• [DIRECTIONS FOR THIS TASK]: Look in the data below for the line that has "Natural Pearl Necklace", then print exactly every line from there through the line that has "BARNEYS NEW YORK", leaving pictures out.

• [GIVEN DATA]:
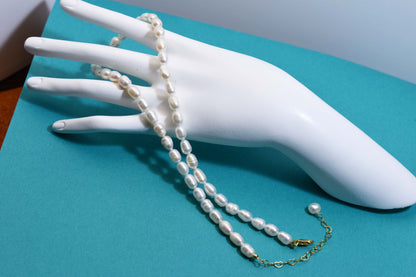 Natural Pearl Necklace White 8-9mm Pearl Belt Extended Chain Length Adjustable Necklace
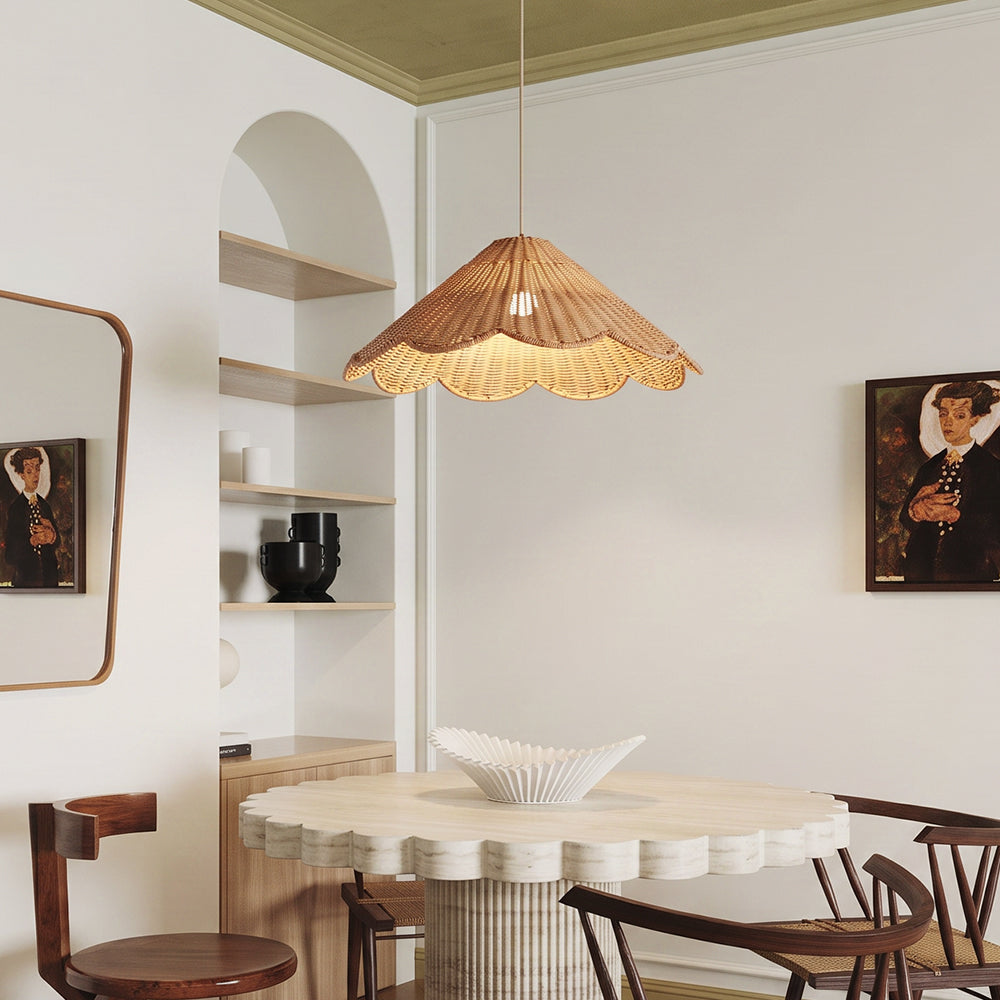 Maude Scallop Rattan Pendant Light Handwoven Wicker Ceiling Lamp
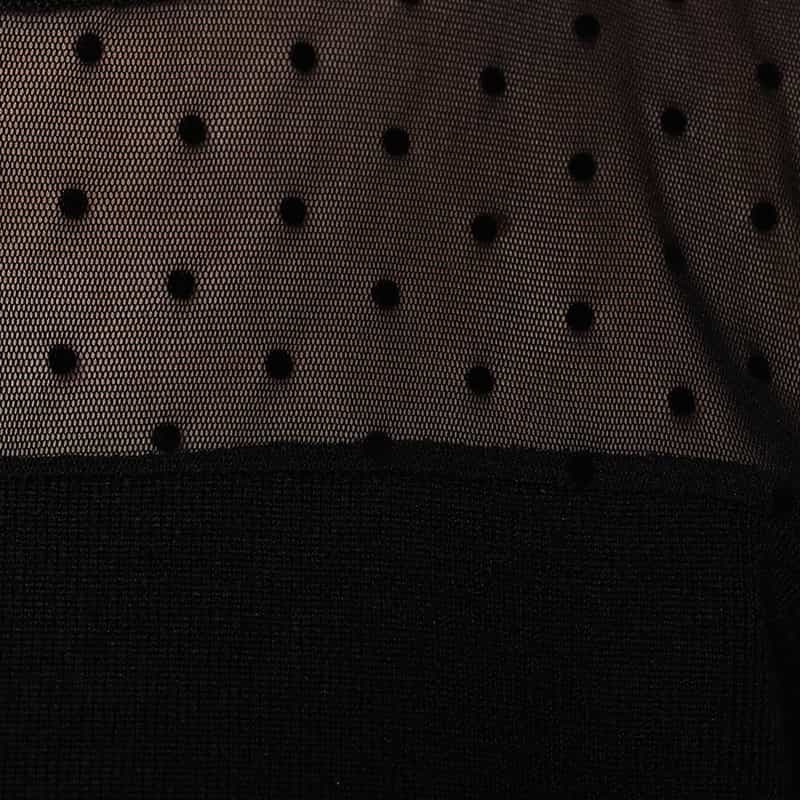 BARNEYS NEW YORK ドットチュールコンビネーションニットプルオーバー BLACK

==

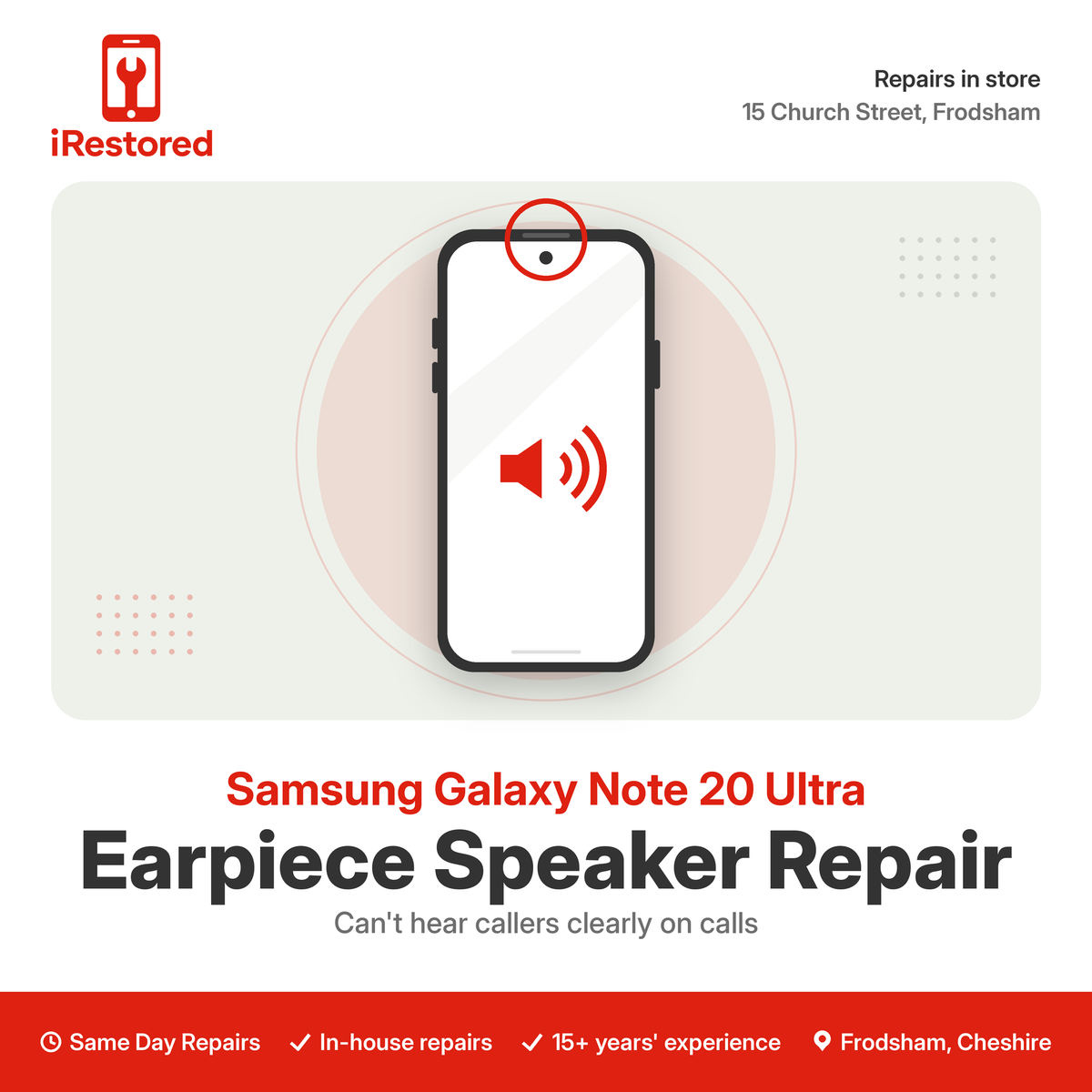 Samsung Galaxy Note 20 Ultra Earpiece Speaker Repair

• [WRITTEN ANSWER]:
 Natural Pearl Necklace White 8-9mm Pearl Belt Extended Chain Length Adjustable Necklace
 Maude Scallop Rattan Pendant Light Handwoven Wicker Ceiling Lamp
 BARNEYS NEW YORK ドットチュールコンビネーションニットプルオーバー BLACK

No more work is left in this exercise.